**Problem description:** Omit all pictures, and print word for word only the lines from the one containing "Чорний Опель Вектра, об'ємом" through the end of the data.

Pictures with short captions
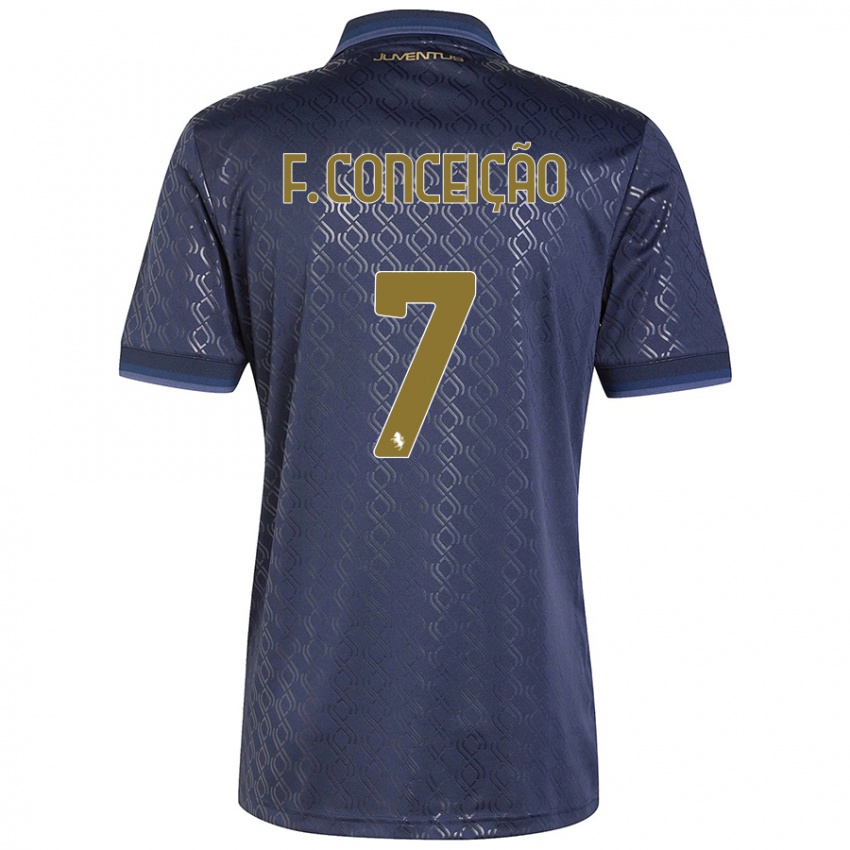 Damen Francisco Conceição #7 Marineblau Ausweichtrikot Trikot 2024/25 T-Shirt Österreich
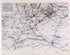 Map 17: Morning, Wed., August 27, 1862; On to Manassas from Second Manassas Campaign, August 17 - September 1, 1862 by Relic Map Company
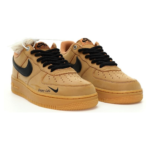 Nike Air Force 1 Wheat Black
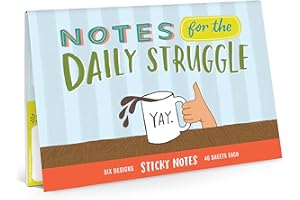 Em & Friends Daily Struggle Sticky Note Packet
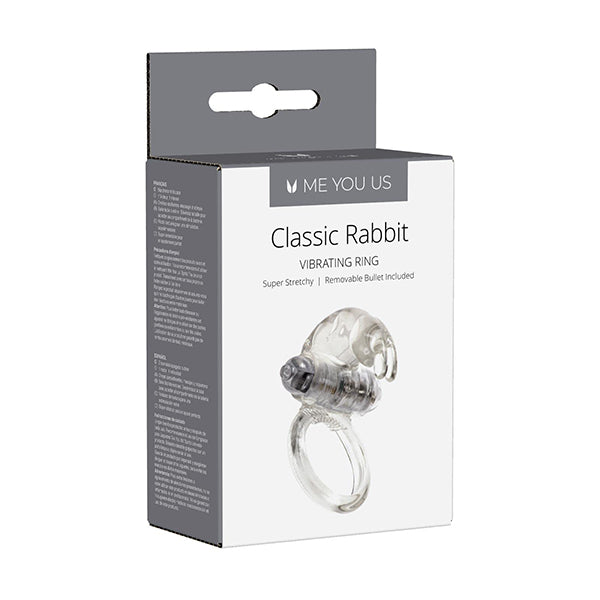 Me You Us Classic Rabbit cock ring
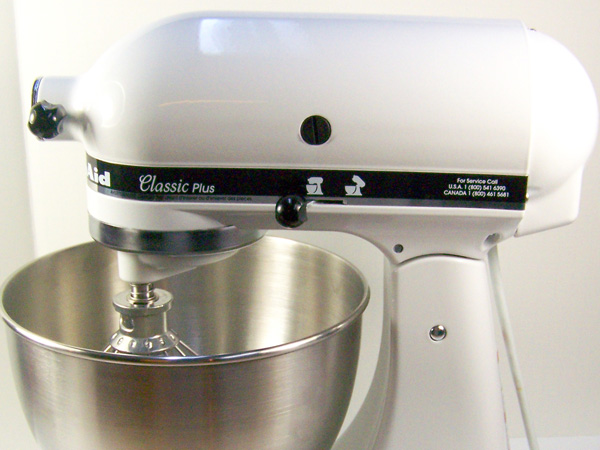 a stand mixer is recommended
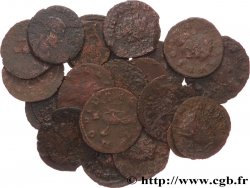 LOTS Lots de 20 monnaies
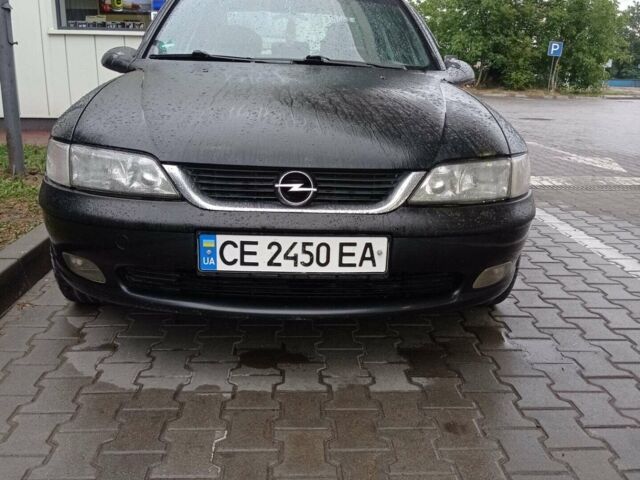 Чорний Опель Вектра, об'ємом двигуна 2 л та пробігом 272 тис. км за 2600 $, фото 1 на Automoto.ua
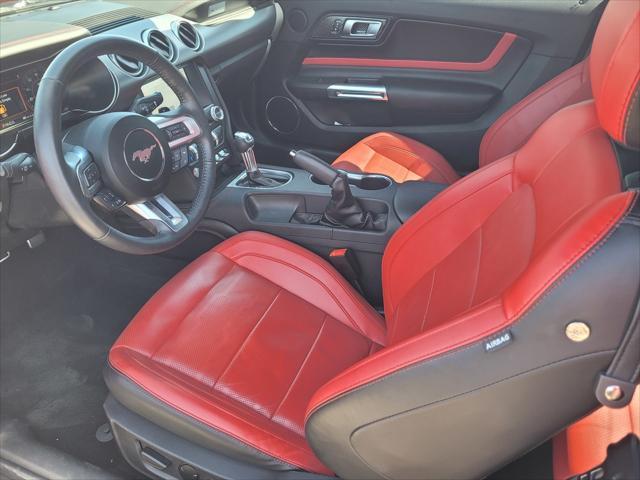 used 2022 Ford Mustang car, priced at $27,950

**Written answer:**
 Чорний Опель Вектра, об'ємом двигуна 2 л та пробігом 272 тис. км за 2600 $, фото 1 на Automoto.ua
 used 2022 Ford Mustang car, priced at $27,950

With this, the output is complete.